The new rules the FCC passed today that will allow it to regulate broadband as a utility are – in the eyes of some – a victory for net neutrality and a “free Internet.” For others, the new rules are a misguided anathema that will bring broadband, especially fiber, expansion to a halt.
The only certainty? They’ll be challenged in court.
In an unsurprising 3-2 vote along party lines (the two Republican appointees voted against the change), the FCC reclassified broadband as a telecommunications service. That alone likely will bring more aggressive – to some onerous – regulations.
Chief among them, of course, is the prohibition against ISPs offering “fast lanes” for content owners – paid prioritization – that guarantees a more TV-like experience for consumers by delivering content more smoothly.
The rules also ban ISPs from blocking or slowing down content deliberately, so-called throttling, for users who consume a great deal of bandwidth.
The decision also means the FCC will be regulating interconnection deals that allow content companies like Netflix to connect to broadband provider’s networks for a fee. Those deals won’t be blocked, the FCC said, but they will be examined.
Privacy, as well as access for the disabled, and for people in remote areas also are addressed.
The regulation is not just targeted at fixed broadband providers; the oversight will be applied to mobile providers, too.
The FCC said it wouldn’t, at least initially, apply price controls or other sections of the new regulations.
ISPs – specifically cable companies and telcos – already have made it clear they intend to challenge the Commission’s decision in court.
A statement from Verizon – which challenged and won a 2011 battle with the FCC over the “Open Internet Rule” – said the decision “by the FCC to encumber broadband Internet services with badly antiquated regulations is a radical step that presages a time of uncertainty for consumers, innovators and investors. History will judge today’s actions as misguided.”

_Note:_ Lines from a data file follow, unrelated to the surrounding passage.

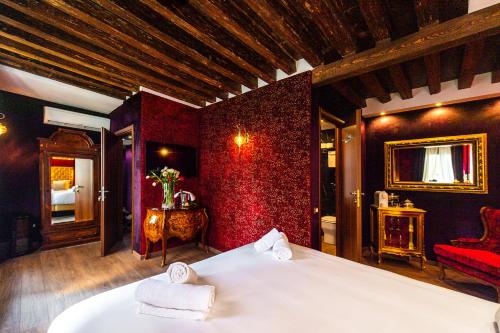 ein Schlafzimmer mit einem Bett und einer roten Wand in der Unterkunft Ca' Maria Callas in Venedig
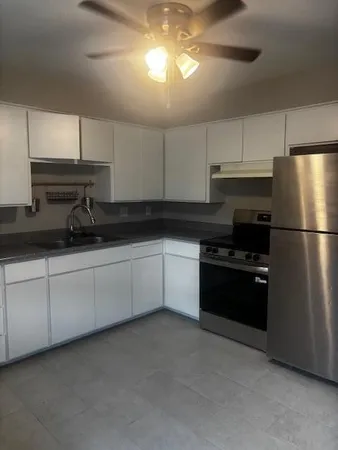 a kitchen with granite countertop white cabinets and stainless steel appliances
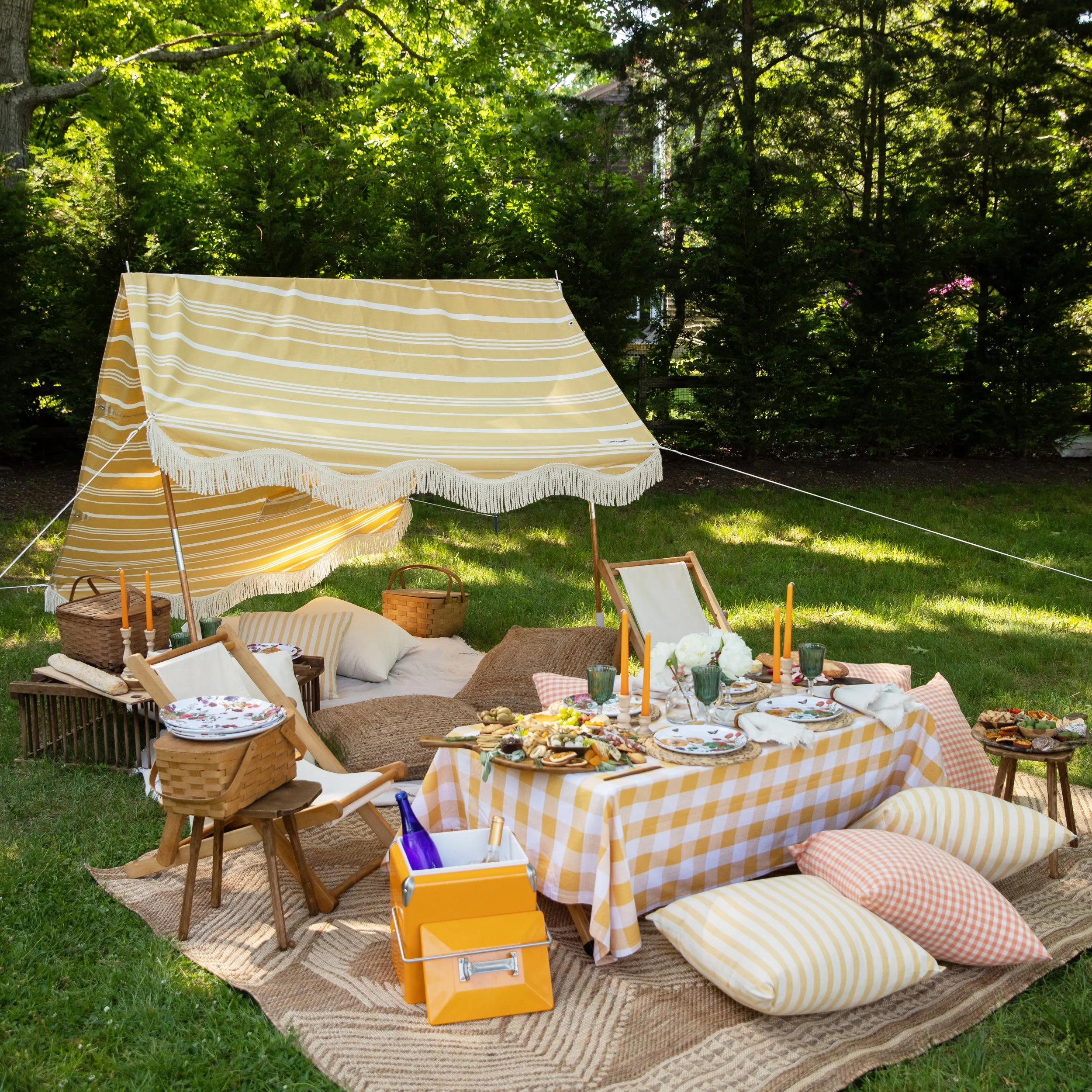 Outdoor backyard picnic setup with a table covered with a yellow checkered tablecloth, outdoor cushions, and a variety of food including cheese and fruits, surrounded by chairs, baskets, and decorative candles on a grassy area under trees.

Reactions to the Net Neutrality decision was mixed.
Here’s what FCC members had to say:
FCC Commissioner Jessica Rosenworcel: The U.S. “Internet economy is the envy of the world. We invented it. The app economy began right here on our shores. Four million Americans wrote to this agency…Whatever our disagreements are on net neutrality, I hope we agree that this is democracy in action and something we can all support.”
FCC Commissioner Ajit Pai: “The plan is not a solution to a problem…We are flip-flopping for one reason and one reason only: President Obama told us to do so.”
FCC Commissioner Michael O’Reilly: “I see no need for net neutrality rules. I am far more troubled the commission is charting for Title II.” He also called the vote a “monumental and unlawful power grab.”
FCC Chairman Tom Wheeler: “No one, whether government or corporate, should control free and open access to the Internet. The Internet is too important to allow broadband providers to make the rules. This plan is no more a plan to regulate the Internet than the First Amendment is a plan to regulate free speech.”
AT&T, in a statement, said that “Instead of a clear set of rules moving forward, with a broad set of agreement behind them, we once again face the uncertainty of litigation, and the very real potential of having to start over – again – in the future… This may suit partisans who lust for issues of political division, but it isn’t healthy for the Internet ecosystem, for the economy, or for our political system. And, followed to its logical conclusion, this will do long-term damage to the FCC as well.”
Sen. Al Franken (D-NY): This is an enormous victory. This is the culmination of years of hard work by countless Americans who believe — just as I do — that the Internet should remain the free and open platform that it’s always been. Net neutrality is important for consumers, for small businesses and startups trying to compete with the big guys, and ultimately, for the innovation that has helped drive our economy for the past several decades.”
Stanford University law Professor Barbara van Schewick: “The agency’s decision to reclassify Internet service as a common carrier under Title II … puts the rules on a solid legal foundation.”